Capital gains tax in Philippines
Last reviewed: · by TaxProsRated editorial
Key points
The Philippines Bureau of Internal Revenue imposes a 15% final capital gains tax on net gains from selling unlisted shares of stock and a 6% final capital gains tax on the gross selling price or fair market value (whichever is higher) of real property classified as a capital asset. Sales of shares listed on the Philippine Stock Exchange are instead subject to a 0.1% stock transaction tax.
Capital gains in the Philippines are not subject to a single unified regime.
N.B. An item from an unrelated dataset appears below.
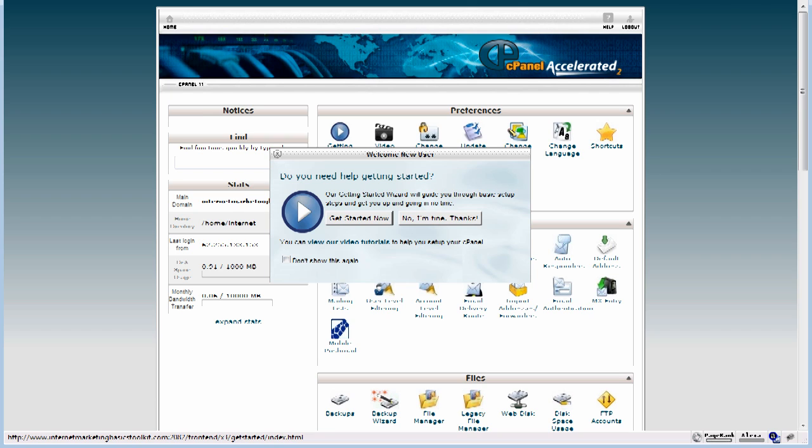Hi, it's John here and this is a bonus video to give you just a quick introduction to cPanel so you can see how powerful it is and see what you can do with it and when you might need to get in here and use it.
The Bureau of Internal Revenue (BIR), administering the National Internal Revenue Code (NIRC) as amended most recently by the Tax Reform for Acceleration and Inclusion Act (TRAIN, Republic Act No. 10963, 2018) and the Capital Markets Efficiency Promotion Act (CMEPA, Republic Act No. 12214, effective July 1, 2025), applies distinct final taxes depending on whether the asset sold is real property, unlisted shares of stock, or shares traded on a stock exchange. Understanding which category an asset falls into determines the rate, the tax base, and the filing form.
For a broader overview of the Philippine tax system, see the Philippines country overview.
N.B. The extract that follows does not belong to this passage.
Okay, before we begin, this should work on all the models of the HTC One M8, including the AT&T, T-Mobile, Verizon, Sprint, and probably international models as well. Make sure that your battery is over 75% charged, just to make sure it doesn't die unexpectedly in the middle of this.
What is the capital gains tax rate on unlisted shares of stock?
Section 24(C) of the NIRC, as amended by TRAIN, imposes a final capital gains tax of 15% on net capital gains from the sale, exchange, or disposition of shares of stock in a domestic or foreign corporation that are not listed and traded on a stock exchange [1][2]. Net capital gain is the excess of selling price over the seller's cost basis (original acquisition cost plus allowable direct expenses). Prior to CMEPA taking effect on July 1, 2025, the 15% rate applied only to domestic corporation shares; CMEPA extended it to unlisted foreign corporation shares as well, replacing the prior graduated income tax treatment for foreign shares [3][4]. Capital losses on unlisted shares may offset capital gains of the same class; excess losses are not deductible against ordinary income. For individual taxpayers, holding-period rules apply: where a capital asset is held for more than 12 months, only 50% of the net gain is recognized; if held for 12 months or less, 100% is recognized [2].
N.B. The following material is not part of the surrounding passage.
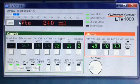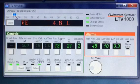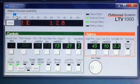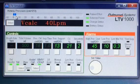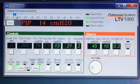We have the PEEP dialed in to 5. That means it's going to keep that pressure — it helps to keep their airways open and doesn't let them collapse. And that's the starting point of the breath.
What is the capital gains tax on real property?
Section 24(D) of the NIRC imposes a 6% final capital gains tax on the gross selling price (GSP) or fair market value (FMV), whichever is higher, on capital gains from the sale, barter, exchange, or other disposition of real property in the Philippines classified as a capital asset by an individual taxpayer [1][5]. The BIR uses zonal values published by the BIR Commissioner or the provincial/city assessor's schedule of market values, selecting the higher of the two benchmarks, to ensure the tax base cannot be artificially deflated by undervaluing the stated consideration in the deed. Importantly, no deduction for the seller's acquisition cost or improvements is allowed -- the 6% rate applies to the full GSP or FMV benchmark, not to the gain. The seller is primarily liable and must file BIR Form 1706 and pay the tax within 30 days from the date of notarization of the Deed of Absolute Sale. The Certificate Authorizing Registration (CAR), which the BIR issues as the gateway to title transfer at the Registry of Deeds, will not be released until CGT and documentary stamp tax are both paid [1][5].
| Asset Type | Tax Rate | Tax Base | Key Form | Filing Deadline |
|---|---|---|---|---|
| Real property (capital asset) | 6% final CGT | Higher of gross selling price or BIR zonal / FMV | BIR Form 1706 | 30 days from deed notarization |
| Unlisted shares of stock (domestic or foreign) | 15% final CGT | Net capital gain (selling price minus cost basis) | BIR Form 1707 / 1707-A | 30 days per transaction; April 15 annual |
| Listed shares (PSE or foreign exchange) | 0.1% stock transaction tax | Gross selling price | Remitted by broker | At each trade settlement |
How are listed shares taxed -- is there still a stock transaction tax?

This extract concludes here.